I can't understand why this ferry company charges a French couple the equivalent of £49.70 for a cross-Channel return trip, yet charges a British couple £88. Please feel free to educate me. A hint of sarcasm or cynicism would be acceptable... :roll: :wink:


----------



## icer (Dec 11, 2006)

we are gullible

Ian


----------



## MrsW (Feb 8, 2009)

There are less people who come from France to GB than there are Brits going to France so the ferry will be empty coming in that direction. If the fare is cheap enough then the ferry may be used more by the French. We all need less encouragement - we can't wait to get over the channel. The French have much greater choice of venue without crossing the channel so need encouraging to come here.

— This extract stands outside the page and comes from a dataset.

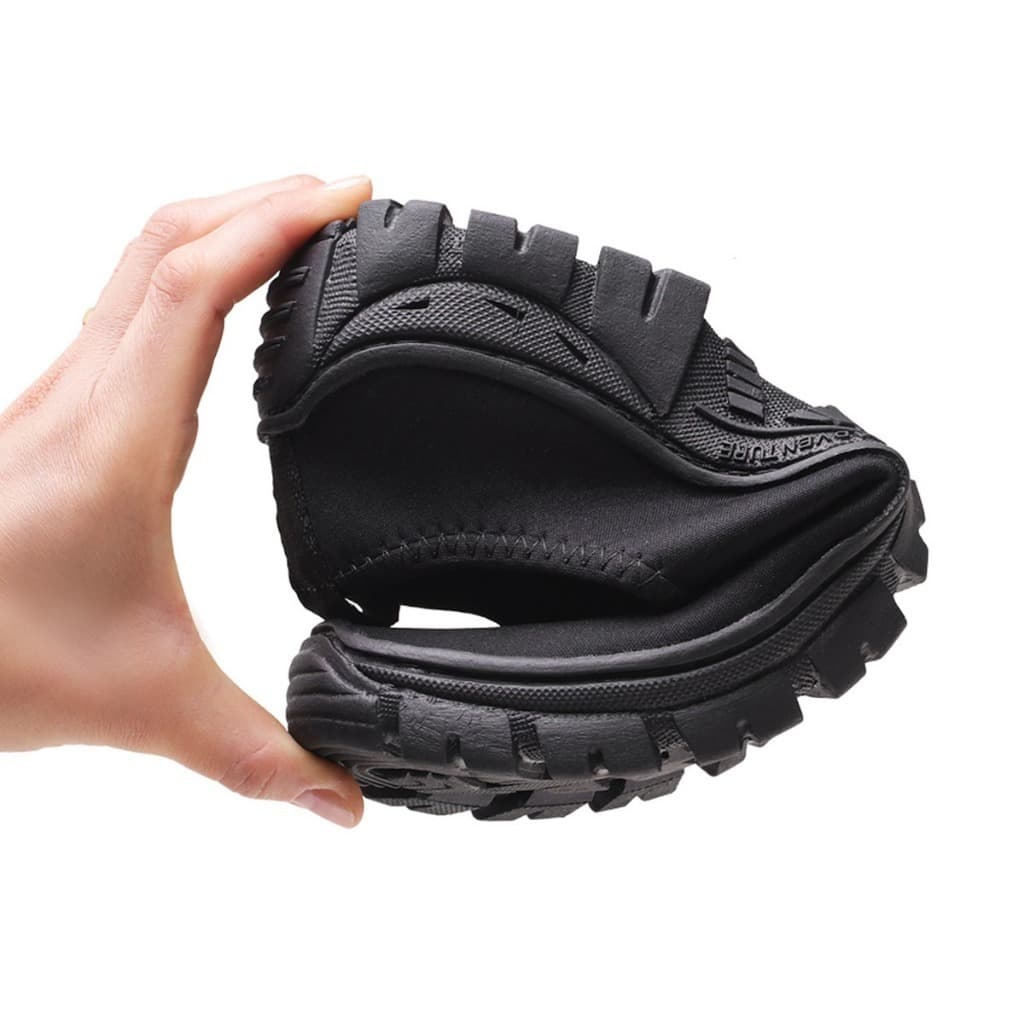 Sapatilha Aquatica De Calce Rapido De Neoprene Sola Antiderrapante Conforto Extremo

Hope this might seem a suitable explanation - it is the one I have been given in the past.


----------



## Stanner (Aug 17, 2006)

It's the same on Isle-of-Wight ferries - much cheaper Isle - Mainland -Isle than the other way round. But that is a political decision to aid the poor residents.

I suspect NL do it "because they can".


----------



## Gazzer (May 1, 2005)

Why do we always get ripped off! :evil: :evil: :evil: :evil: EU? My Arse!!


----------



## gloworm (Nov 21, 2008)

Mrs W, That cant be the reason for the price difference, If more people travel from britain to france the ferry will have those people on the return journey, so the ferry will be just as full in both directions. I think  


Eric


----------



## andyandsue (Sep 7, 2008)

*price barrier*

the Channels been a great barrier against Napoleon, the Kaiser,Hitler and cheaper fuel and keener prices , its the price we have to pay for it!


----------



## MrsW (Feb 8, 2009)

gloworm said:


> Mrs W, That cant be the reason for the price difference, If more people travel from britain to france the ferry will have those people on the return journey, so the ferry will be just as full in both directions. I think
> 
> Eric


Yes,but only later on, not on that date perhaps. Ferry fares are very seasonal.


----------



## artona (Jan 19, 2006)

I guess its choice. If we want to escape England we have to use the ferry whereas the French turn the other way and choose another country in Europe. They have us "over a channel" sadly.

Of course it could also be that us Brits will moan and still pay whereas the French will say its too much and go on strike but thats political and I know you don't do politics UncleNorm so I think you will prefer the geograpical solution    

stew


----------



## Penquin (Oct 15, 2007)

Doesn't it come down to the law of "Supply and Demand"?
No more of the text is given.